MikeZemack wrote on 07/28/2010 07:54:45 PM:

Where is the evidence that Ayn Rand ever endorsed a shallow, generalized viewpoint that “derided the unemployed as victims of their own laziness”? As a committed Objectivist, I could tell you that there isn’t any. It looks like a bit of guilt by association going on here. While laziness might be true of some of today’s unemployed, including the idle rich whom she disdained, Ayn Rand would have rightly viewed most as victims of disastrous government policies, although she would not hold them totally blameless if they supported the policies that led to their unemployment. She was a true champion of the middle class, which she viewed as “a country’s motor and lifeblood”.

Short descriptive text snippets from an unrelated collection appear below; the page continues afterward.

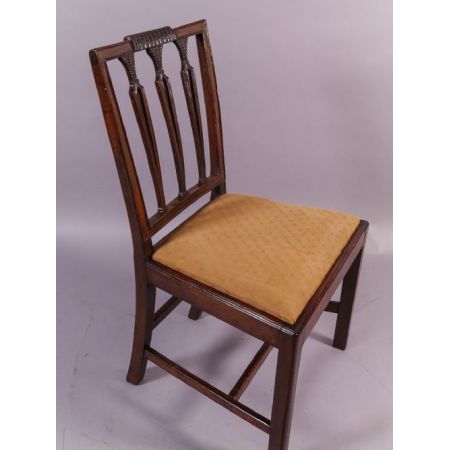 Georgianische britische Mahagoni Stühle Esszimmerstühle antik ca 1790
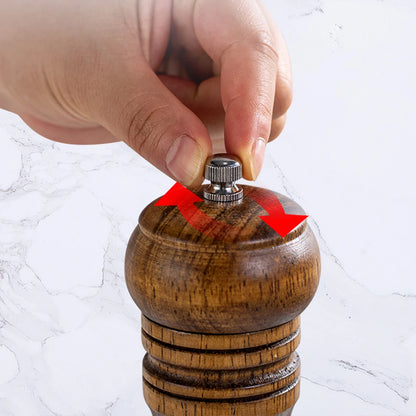 1PC Manual 5 inch 8 inch 10 inch grinder; pepper grinder; oak wood; Sichuan pepper; freshly ground pepper powder; seasoning jar.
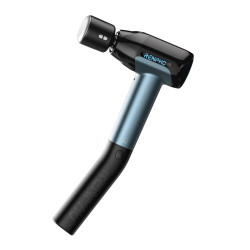 aparat de masaj profesional gun renpho reach 2, incalzire si racire, 6 capete, 5 viteze, control touch temperatura, brat de exte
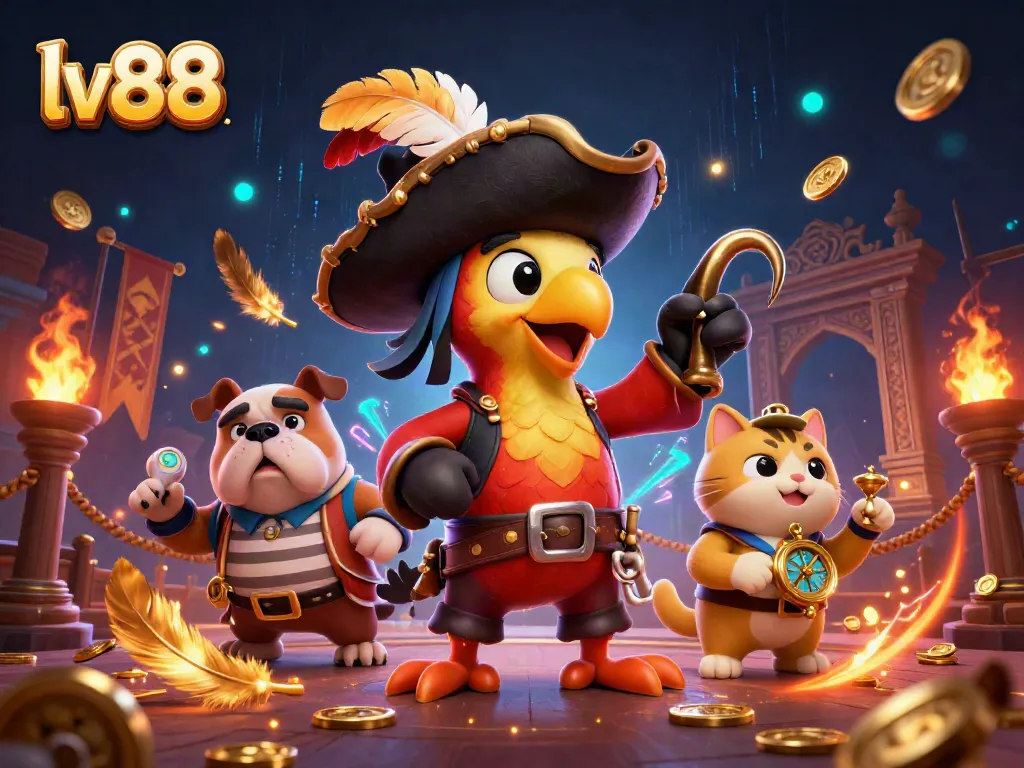 Engage in thrilling gameplay at lv88 with vibrant illustrations of characters in a dynamic casino setting.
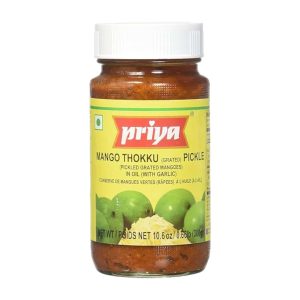 Priya Mango thokku (grated) Gurke in Öl (mit Knoblauch)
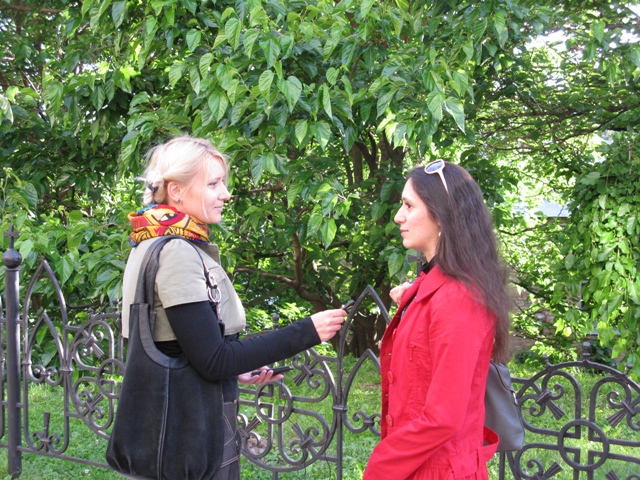 Интервью во время молодёжки 2012.05.31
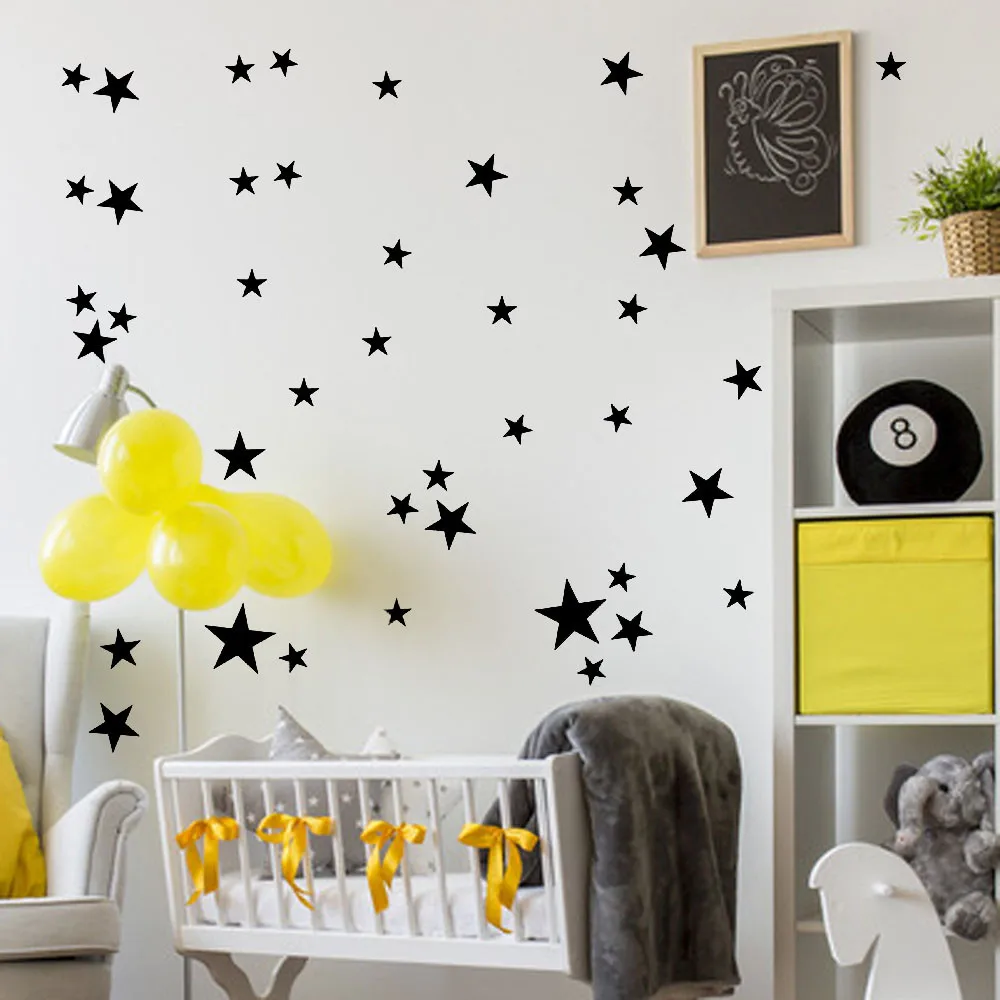 

Wall Sticker Etiqueta Da Parede 38Pcs Star Removable Art Stickers Vinyl Mural Kids For Rooms Wallstickers 18MAR02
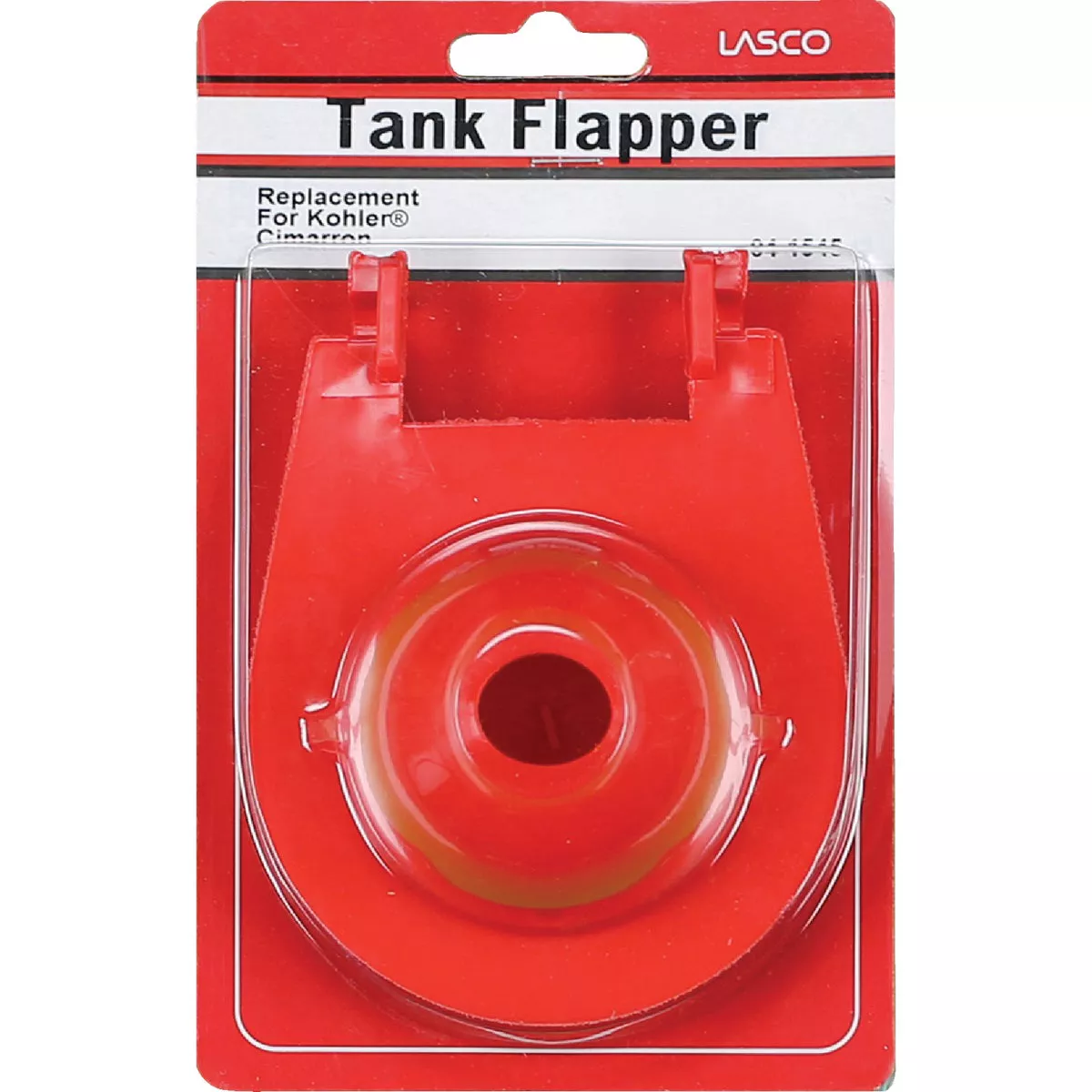 Lasco Kohler Cimarron 3-1/4 In. Red Rubber Toilet Flapper with Chain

As to “the Ayn Rand right”, there isn’t any. Today’s American right is dominated by the Christian conservatives and to a lessor extent the libertarians, both of whom stand philosophically opposed to Objectivism’s most important metaphysical, epistemological, and ethical essentials. It’s true that many on the right will wave the Ayn Rand banner when it suits them, cherry picking isolated out-of-context bits and pieces of her idea system. But you will learn little about her thinking by paying attention to Angle or Paul.

As to Mr. McManus and his ilk, ad hominem and straw man tactics are common methods of attacking Ayn Rand, because they dare not confront her ideas openly and honestly. This sort of empty, backhand slap at Ayn Rand is typical of those who simply can’t refute her ideas.